Effects ofS-Glutathionylation andS-Nitrosylation on Calmodulin Binding to Triads and FKBP12 Binding to Type 1 Calcium Release Channels

Abstract

This study shows that the combination of glutathione (GSH) plus hydrogen peroxide (H2O2) promotes the S-glutathionylation of ryanodine receptor type 1 (RyR1) Ca2+ release channels, and confirms their joint S-glutathionylation and S-nitrosylation by S-nitrosoglutathione (GSNO). In addition, we show that 35S-labeled 12-kDa FK506-binding protein ([35S]FKBP12) bound with a Kd of 13.1 nM to RyR1 present in triads or heavy sarcoplasmic reticulum vesicles; RyR1 S-nitrosylation by NOR-3 or GSNO, but not S-glutathionylation, specifically increased by four- to fivefold this Kd value.

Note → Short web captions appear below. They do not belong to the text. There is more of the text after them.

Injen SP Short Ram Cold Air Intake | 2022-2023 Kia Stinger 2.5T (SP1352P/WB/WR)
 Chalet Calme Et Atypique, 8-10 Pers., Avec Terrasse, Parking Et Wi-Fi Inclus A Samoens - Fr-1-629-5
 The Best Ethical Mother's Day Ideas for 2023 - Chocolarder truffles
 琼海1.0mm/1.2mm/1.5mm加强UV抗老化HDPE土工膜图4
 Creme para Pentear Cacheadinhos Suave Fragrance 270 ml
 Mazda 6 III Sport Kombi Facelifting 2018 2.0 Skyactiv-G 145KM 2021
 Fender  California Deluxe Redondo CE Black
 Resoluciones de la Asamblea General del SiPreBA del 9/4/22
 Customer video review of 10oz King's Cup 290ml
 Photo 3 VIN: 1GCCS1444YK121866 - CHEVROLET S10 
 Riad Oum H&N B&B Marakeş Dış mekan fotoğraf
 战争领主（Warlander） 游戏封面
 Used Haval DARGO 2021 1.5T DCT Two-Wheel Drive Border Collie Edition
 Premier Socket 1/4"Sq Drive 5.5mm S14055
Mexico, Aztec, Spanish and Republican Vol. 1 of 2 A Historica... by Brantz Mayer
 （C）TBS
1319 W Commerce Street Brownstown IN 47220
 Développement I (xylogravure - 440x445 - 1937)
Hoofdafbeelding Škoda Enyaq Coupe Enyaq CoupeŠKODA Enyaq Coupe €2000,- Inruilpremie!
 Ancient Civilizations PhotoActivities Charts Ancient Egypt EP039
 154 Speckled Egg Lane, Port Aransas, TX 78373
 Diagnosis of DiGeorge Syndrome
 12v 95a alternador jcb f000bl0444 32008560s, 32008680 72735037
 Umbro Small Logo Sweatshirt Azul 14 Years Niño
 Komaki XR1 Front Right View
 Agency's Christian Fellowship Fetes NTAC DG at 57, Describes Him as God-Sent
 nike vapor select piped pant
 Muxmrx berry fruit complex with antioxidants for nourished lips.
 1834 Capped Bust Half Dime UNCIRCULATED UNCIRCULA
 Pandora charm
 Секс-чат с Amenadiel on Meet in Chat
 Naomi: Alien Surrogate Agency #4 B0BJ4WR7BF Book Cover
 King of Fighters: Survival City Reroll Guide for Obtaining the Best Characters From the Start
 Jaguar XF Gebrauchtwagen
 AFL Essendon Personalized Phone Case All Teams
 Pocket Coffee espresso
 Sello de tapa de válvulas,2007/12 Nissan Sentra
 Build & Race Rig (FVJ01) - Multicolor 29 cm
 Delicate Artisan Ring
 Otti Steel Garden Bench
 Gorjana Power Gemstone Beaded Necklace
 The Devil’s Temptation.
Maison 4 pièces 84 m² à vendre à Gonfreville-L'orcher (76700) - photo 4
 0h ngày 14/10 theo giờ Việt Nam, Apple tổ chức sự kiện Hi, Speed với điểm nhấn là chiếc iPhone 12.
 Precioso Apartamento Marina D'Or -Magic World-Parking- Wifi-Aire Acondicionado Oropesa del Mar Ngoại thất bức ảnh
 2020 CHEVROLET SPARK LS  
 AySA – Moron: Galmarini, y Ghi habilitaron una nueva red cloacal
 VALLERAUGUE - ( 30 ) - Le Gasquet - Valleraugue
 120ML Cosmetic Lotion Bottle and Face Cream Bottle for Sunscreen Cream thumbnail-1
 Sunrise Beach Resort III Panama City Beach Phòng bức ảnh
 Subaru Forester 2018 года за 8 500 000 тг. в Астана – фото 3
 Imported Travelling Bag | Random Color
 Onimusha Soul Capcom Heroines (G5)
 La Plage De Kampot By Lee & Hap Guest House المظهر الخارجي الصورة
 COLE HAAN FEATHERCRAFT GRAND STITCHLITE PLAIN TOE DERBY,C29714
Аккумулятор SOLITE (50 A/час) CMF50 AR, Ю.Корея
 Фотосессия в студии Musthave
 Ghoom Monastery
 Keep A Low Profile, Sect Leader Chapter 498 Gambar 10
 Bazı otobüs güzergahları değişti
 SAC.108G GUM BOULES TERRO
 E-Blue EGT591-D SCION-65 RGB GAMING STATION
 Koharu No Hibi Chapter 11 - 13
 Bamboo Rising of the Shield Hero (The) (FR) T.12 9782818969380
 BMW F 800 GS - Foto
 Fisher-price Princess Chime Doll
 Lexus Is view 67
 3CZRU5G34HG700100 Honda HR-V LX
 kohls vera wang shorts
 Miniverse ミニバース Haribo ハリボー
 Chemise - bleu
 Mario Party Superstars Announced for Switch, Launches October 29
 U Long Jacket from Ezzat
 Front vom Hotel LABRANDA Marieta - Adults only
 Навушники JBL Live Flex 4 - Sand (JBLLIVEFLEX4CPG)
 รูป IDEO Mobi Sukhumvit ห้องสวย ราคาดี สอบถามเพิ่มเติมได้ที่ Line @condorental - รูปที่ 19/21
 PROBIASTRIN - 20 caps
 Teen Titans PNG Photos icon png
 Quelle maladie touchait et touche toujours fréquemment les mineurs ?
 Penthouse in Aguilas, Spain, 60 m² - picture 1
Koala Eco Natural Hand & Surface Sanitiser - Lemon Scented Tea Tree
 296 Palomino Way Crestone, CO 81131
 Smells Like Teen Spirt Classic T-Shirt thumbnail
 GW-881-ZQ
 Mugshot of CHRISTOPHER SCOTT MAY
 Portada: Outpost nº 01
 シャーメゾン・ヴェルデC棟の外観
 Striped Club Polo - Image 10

RyR1 redox modifications also increased the Kd of [35S]calmodulin binding to triads without affecting Bmax. RyR1 S-glutathionylation (induced by GSH plus H2O2) or RyR1 S-nitrosylation (produced by NOR-3) increased by approximately six- or twofold, respectively, the Kd of apocalmodulin (apoCaM) or Ca2+-calmodulin (CaCaM) binding to triads. Likewise, the combined S-glutathionylation and S-nitrosylation of RyR1 induced by GSNO increased by fourfold the Kd of CaCaM binding to triads and abolished apoCaM binding. As both FKBP12 and CaCaM inhibit RyR1, decreased FKBP12 binding to RyR1 and/or decreased CaCaM binding to either RyR1 or dihydropyridine receptor in triad preparations may cause the reported enhanced activation of Ca2+-induced Ca2+ release kinetics mediated by S-glutathionylation/S-nitrosylation. We discuss possible consequences of these redox modifications on RyR1-mediated Ca2+ release in physiological or pathological conditions.